An Express Article from the California Land Title Association
Two eminent domain initiatives appear to have gathered enough signatures to be placed before the voters in June of 2008.
One initiative is sponsored by the Howard Jarvis Taxpayers Association, the California Farm Bureau Federation, and the California Alliance to Protect Private Property Rights. It would prohibit government from taking property from unwilling sellers and giving it to other private owners. This practice has been criticized as motivated by government’s desire to increase property and sales tax revenue. The initiative essentially prohibits a public taking for a private use. It specifically protects places of worship, farms, homeowners and small businesses. Using eminent domain for a public purpose continues to be permitted and a public use is defined to mean use and ownership by a public agency or public utility. The initiative also limits governmental setting of rental rates upon a vacancy of a residential unit but does not affect current residents. The initiative does not contain any regulatory takings provisions.
The second initiative is sponsored by the League of California Cities, California State Association of Counties and the California Redevelopment Association. This initiative does not prevent takings of private property for use by other private owners except for owner-occupied homes that have been a primary residence for at least one year. The limitations on government are not likely to significantly alter current government land acquisition practices according to the non-partisan Legislative Analyst’s Office. There are also no limitations on government’s ability to set rental rates for residential real property. Like the competing initiative, this initiative also does not contain any regulatory taking provisions. However, this initiative does contain a so-called poison pill that would nullify the competing initiative if both are passed by the voters but this initiative receives more votes.
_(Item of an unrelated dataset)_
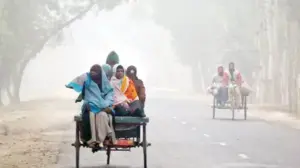 মৌসুমের প্রথম মৃদু শৈত্যপ্রবাহ ‘পরশ’ আসছে বলে জানিয়েছে বাংলাদেশ ওয়েদার অবজারভেশন টিম (বিডব্লিউওটি)।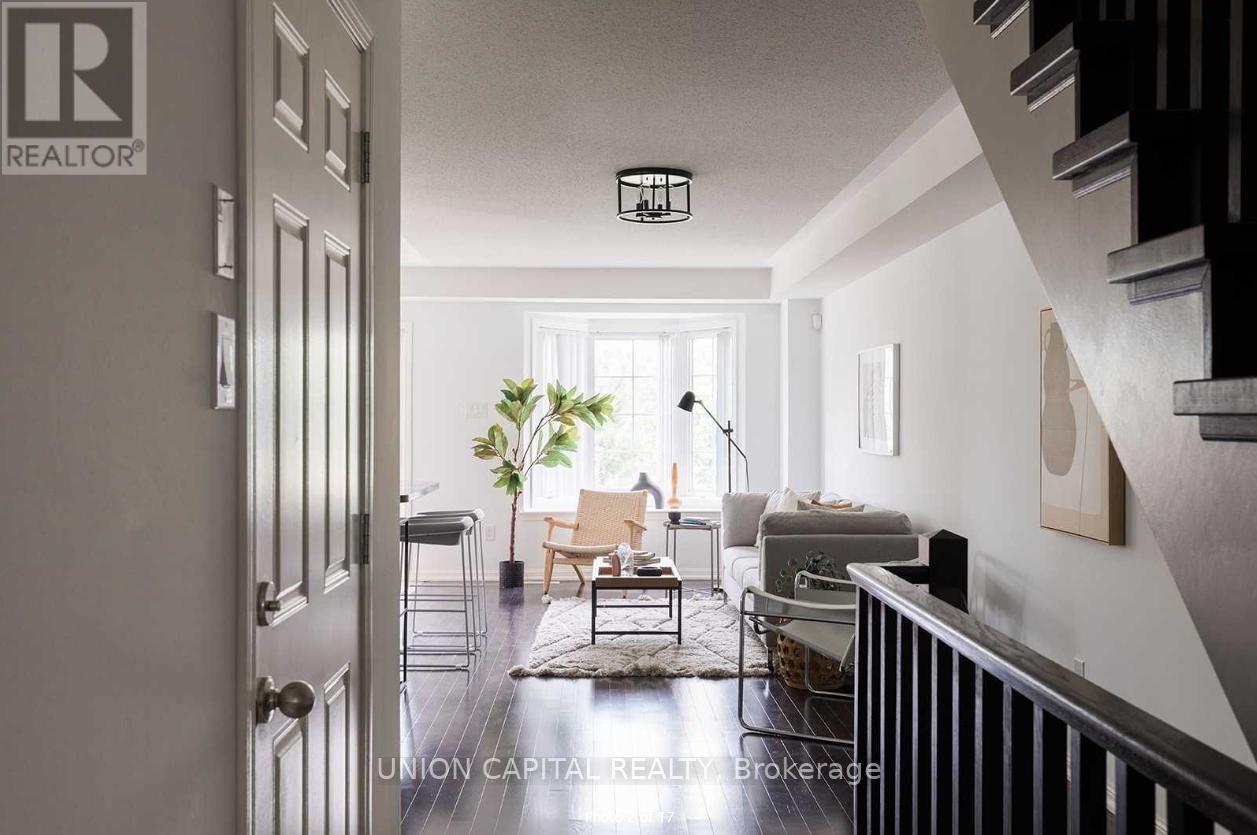 21 Winn Place, Aurora, Ontario  L4G 0S2 - Photo 2 - N12748304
The regulatory takings issue was perceived to be a major reason for the defeat of Proposition 90 last year which was before the voters as a response to the “Kelo” decision of the United States Supreme Court. That decision allowed homes to be constitutionally taken for a private development.
Backers have spent millions of dollars to qualify both initiatives, with local governments funding their initiative with money that they have designated on reports filed with the Secretary of State as non-public funds.